Mentiras e invenções

Desde jovem, sempre fui cauteloso e intransigente no que diz respeito à intromissão em assuntos pessoais dos outros. Quero dizer, a privacidade de cada um é um bem inviolável e protegido por disposição constitucional.

Ninguém tem o direito de escarafunchar ou intrometer-se na privacidade de outrem. Isto vale pra todos, sem exceção.

Todavia, de quando em vez, aparecem supostos pesquisadores, curiosos, bisbilhoteiros, fofoqueiros e outras figuras mais, todos ávidos para saber detalhes da vida dos outros.

O passado nada mais é do que a soma de muitos e constantes agoras e, neste contexto, há pessoas que se interessam em saber como éramos no passado, como somos hoje e até o que pretendemos ser no futuro. Sempre com uma pitada de maldade. Tirante a maldade, nada há de estranho nisto. O diabo é acrescentar o sórdido, o asqueroso, a torpeza.

Levanto cedo, porque comumente passo as madrugadas acordado, conversando com a insônia. E chego cedo ao meu local de trabalho, chova ou faça sol. Faz tempo que é assim.

O pesquisador também chegou cedo. Queria saber o significado de uma frase que eu teria dito: “noventa por cento do que escrevo é mentira. Só dez por cento é invenção”.

Deixei-o desapontado de pronto. Disse-lhe que a frase não é minha, nunca foi minha e jamais será minha. É do poeta matogrossense Manoel de Barros e, conhecidíssima, consta em todas as publicações que falam da vida do escritor. Frase bonita, poética, emblemática, talvez um “chega pra lá” nos intrometidos perguntadores.

Ele insistiu, questionou, titubeou: “mas você disse esta frase há pouco tempo, que eu sei”. E daí? Ponderei que, se disse, foi a título tão-somente de citação inserida noutro contexto que não a autoria e com o cuidado de declinar o nome do autor e se escrevi, o que também não lembro, tive igual cuidado de colocá-la entre aspas.

As citações são naturais, comuns, permitidas, desde que creditadas aos seus autores.  É a técnica, é a regra, é a ética, é a decência.

O pesquisador pretendia colocar uma cilada em meu caminho, espalhando-a no ventilador da irresponsabilidade. Ele sabia que a frase não é minha, mas, talvez por falta do que fazer, mente vazia, queria publicar alguma matéria confusa, sabe-se lá onde, no mínimo polêmica, problemática, altamente discutível.

Não foi desta vez, entretanto. Nem será noutra.
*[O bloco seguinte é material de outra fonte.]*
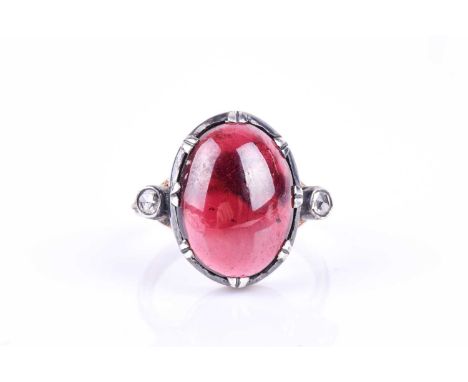 An unusual diamond and garnet ring, set with an oval cabochon garnet, set in a silver mount, flanked with two collet-set rose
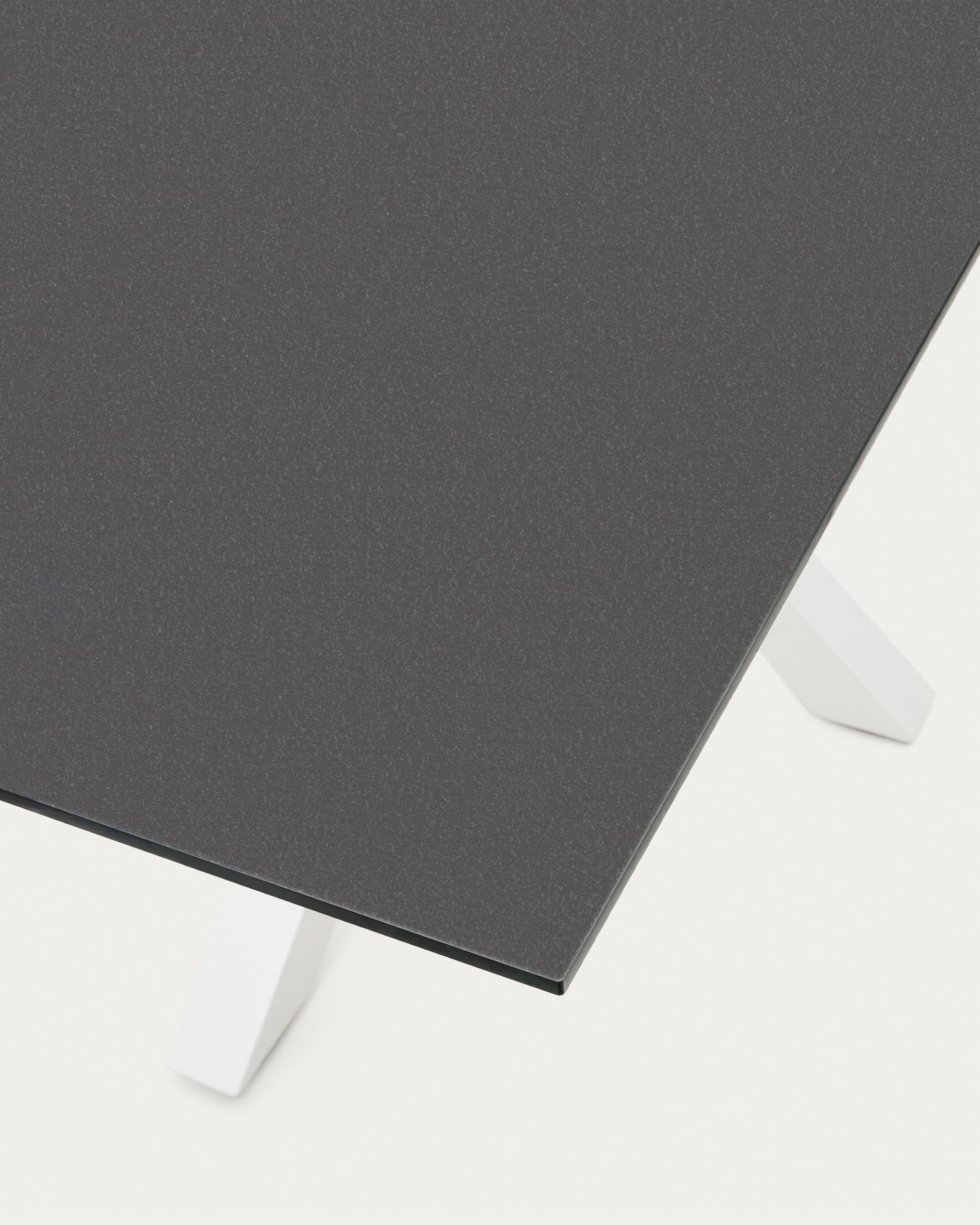 Der Tisch Argo von Kave Home vereint stilvolles schwarzes Milchglas mit stabilen, weißen Stahlbeinen und bietet Platz für gesellige Abende.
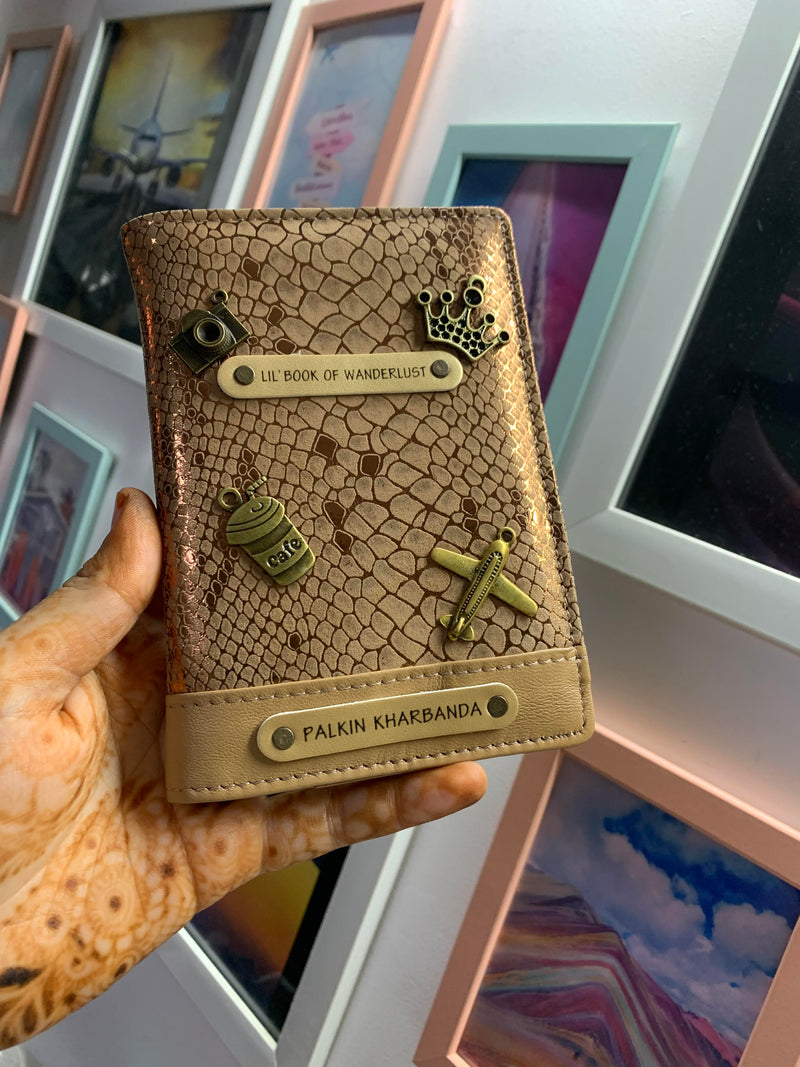 Personalized passport cover from TPC Gifts which is a Personalized Passport Cover in golden colour, personalised with name and 4 charms and 1 quotes in a flat lay view.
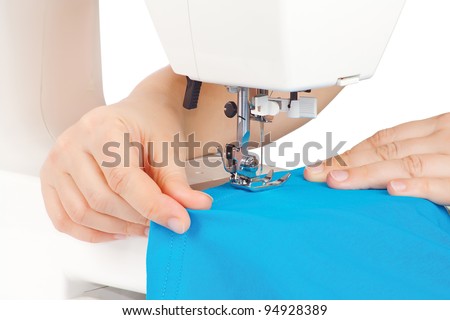 Hands of a seamstress at the sewing machine on a white background
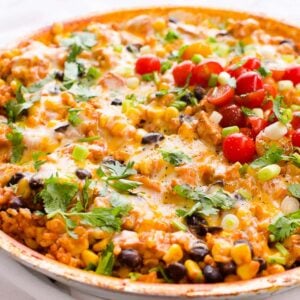 Chicken burrito skillet in one pan topped with cheese and cilantro.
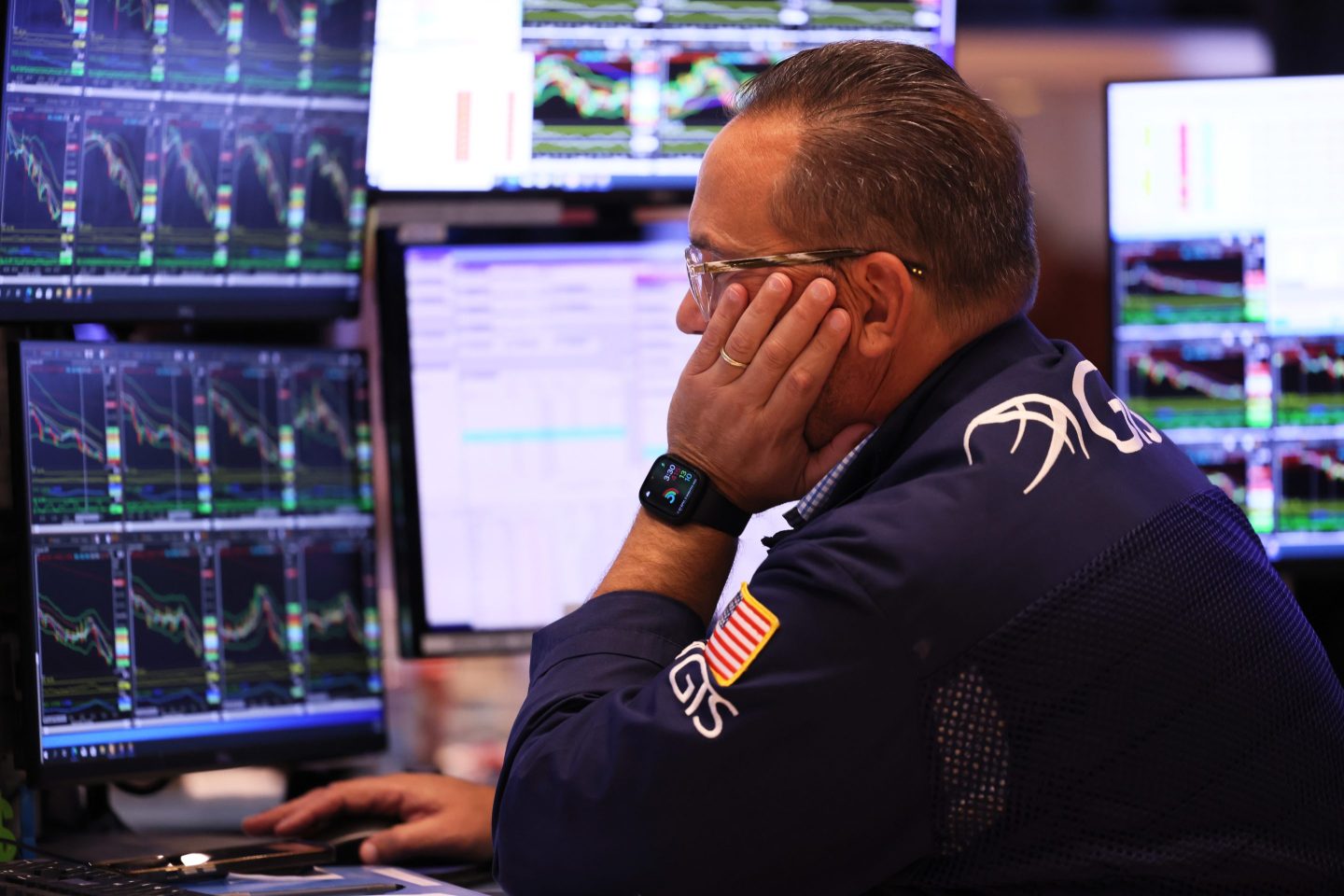 A trader at the New York Stock Exchange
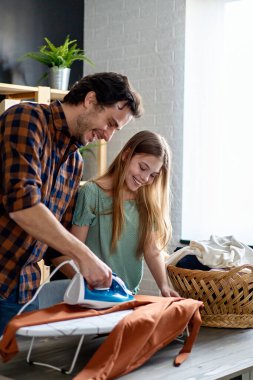 Mutlu bir baba ve kızı evde ev işleri yapıyor ve birlikte ütü yapıyor. İnsanların mutluluk kavramı.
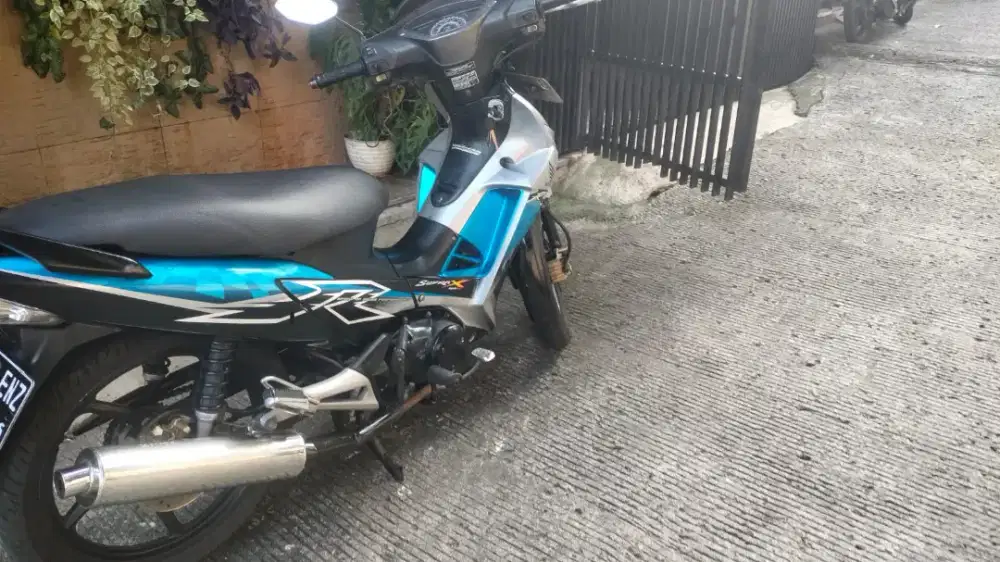 Honda Supra X 125  DD Carbu 2009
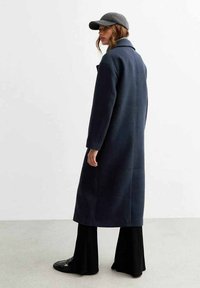 Cappotto in misto lana blu navy con colletto alto, maniche lunghe e taglio dritto, abbinato a pantaloni neri a campana e a un cappello grigio.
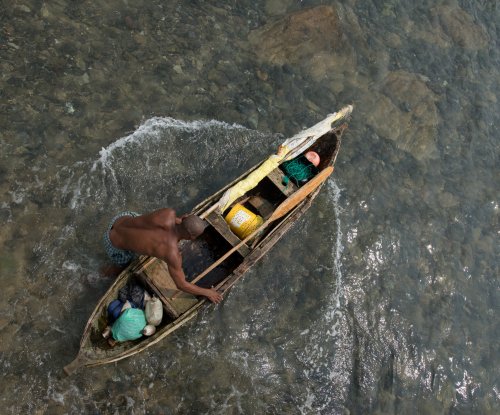 Vista de cima de um pescador numa canoa de madeira com redes e apetrechos de pesca, Ilha do Príncipe
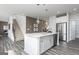 Spacious kitchen with a white island, stainless steel appliances, and an open view of staircase at 502 Regency Trl, Acworth, GA 30102
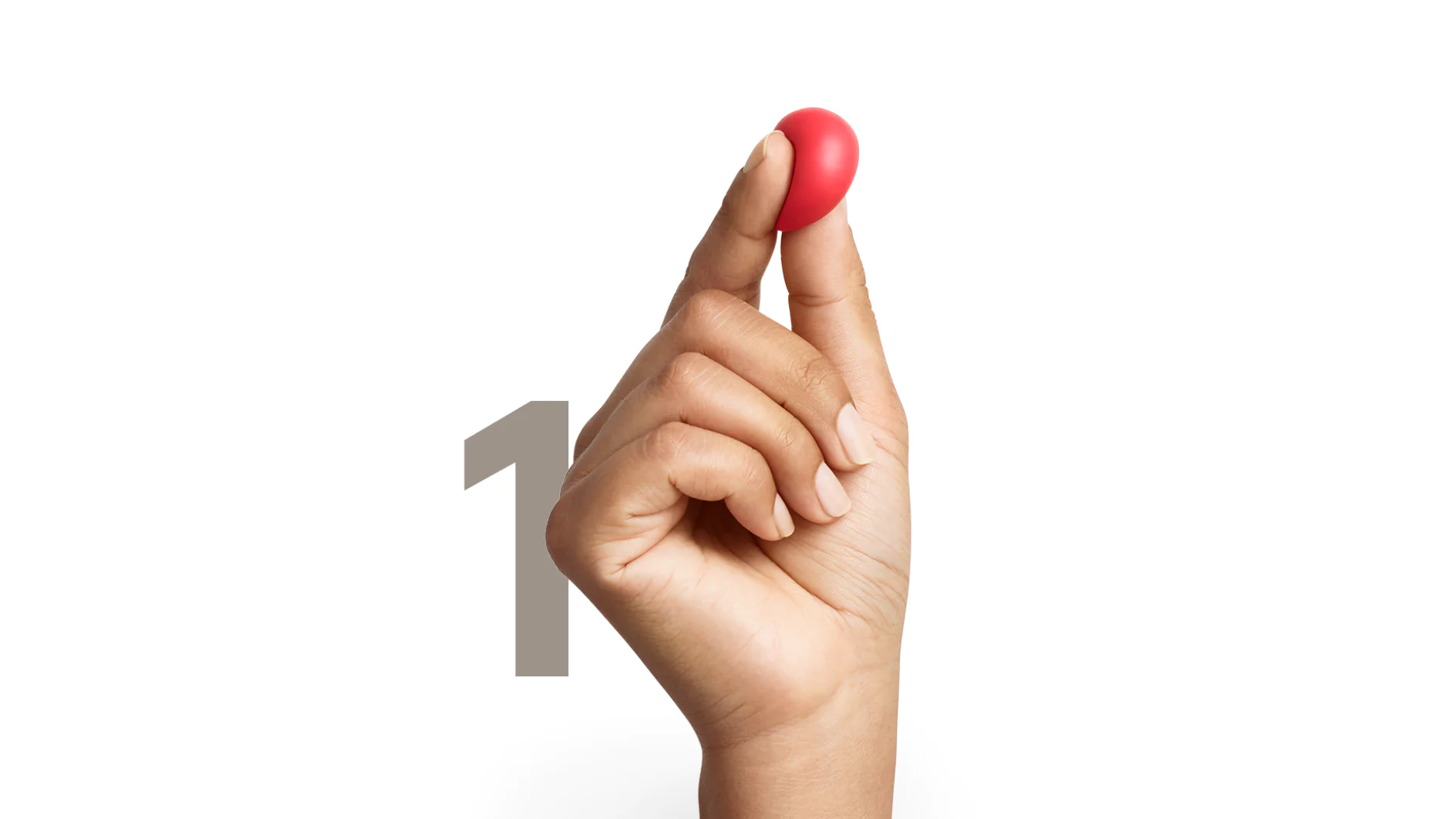 A persons hand holding a small, red, oval-shaped object between their thumb and index finger. A large numeral 1 is visible in the background. (This text has been generated by AI)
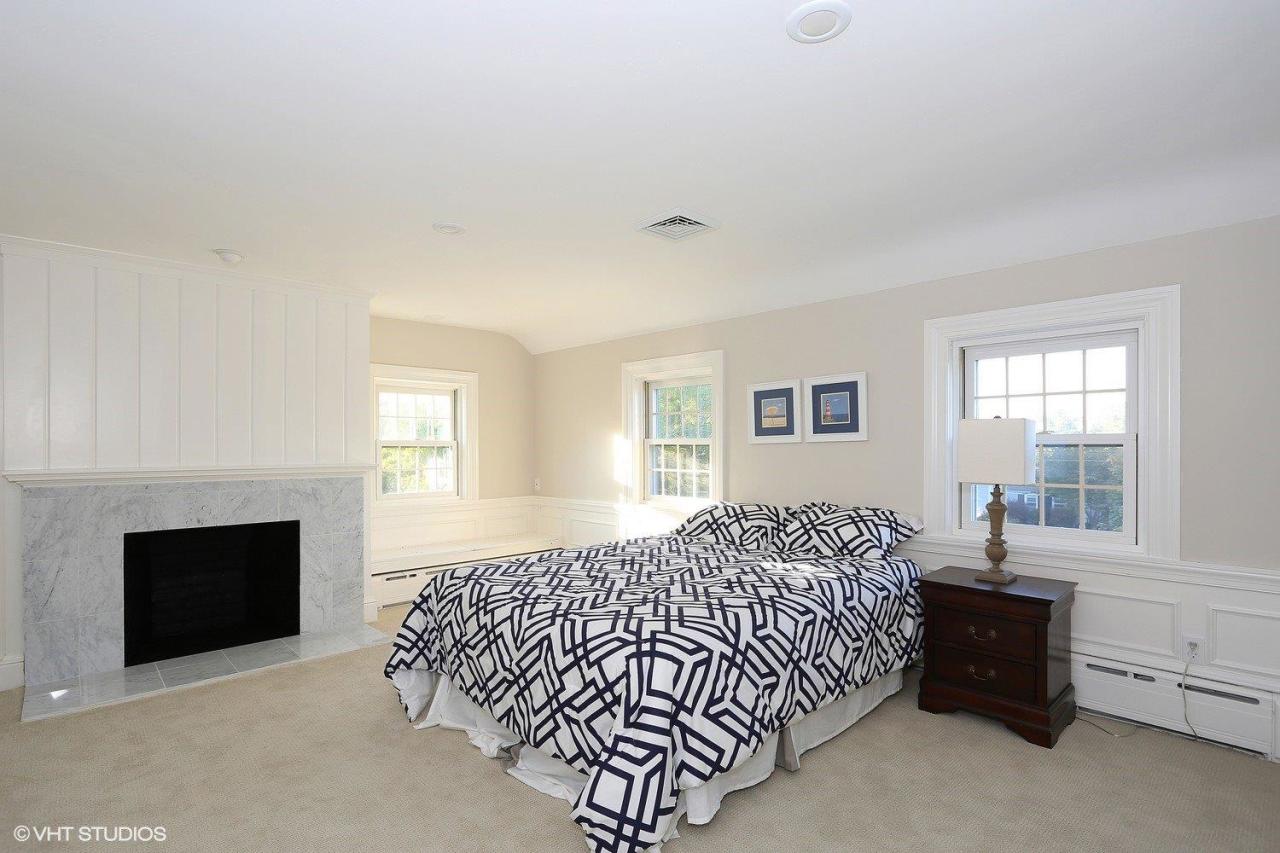 19 Salten Point Road Barnstable, MA 02630 - Photo 15 of 23 a bedroom with a bed and a fireplace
O escritor Jorge Amado contava que quando Sonia Braga foi escolhida para viver a personagem Gabriela na televisão, foi-lhe apresentada na casa do Rio Vermelho, em Salvador. Ele não a conhecia, nunca tinha visto e, portanto, a escolha não tinha sido dele, mas dos responsáveis pela novela.

Reunidos todos, antes de Sonia Braga chegar, um repórter de São Paulo presente à reunião, maliciosamente portando uma revista na qual a atriz tinha posado, perguntou maldoso: “por que você escolheu Sônia Braga?”. Esperto, Jorge Amado percebeu a malandragem: “escolhi porque ela é minha amante”. Instantes depois a atriz chegava e Jorge foi logo dizendo: “muito prazer Sônia, somos amantes. Sabia?”

As maldades andam por aí, em tudo quanto é lugar. O que dá audiência em televisão, redes sociais, mídia em geral e permite venda de jornais é a vida privada dos outros, suas fraquezas, inclusive. Então, a privacidade das pessoas às vezes é invadida, acintosa e desnecessariamente, extraindo dela o combustível para o sensacionalismo.

Até hoje não sei como alguém pode deliciar-se com a miséria dos outros.  É sádico valer-se de falhas, deslizes e até de fatos casuais, involuntários ou não, na vida de uma pessoa, para escancará-la diante de todos.

O trilho por onde passa a condução da ética está avariado. Precisa de cuidados.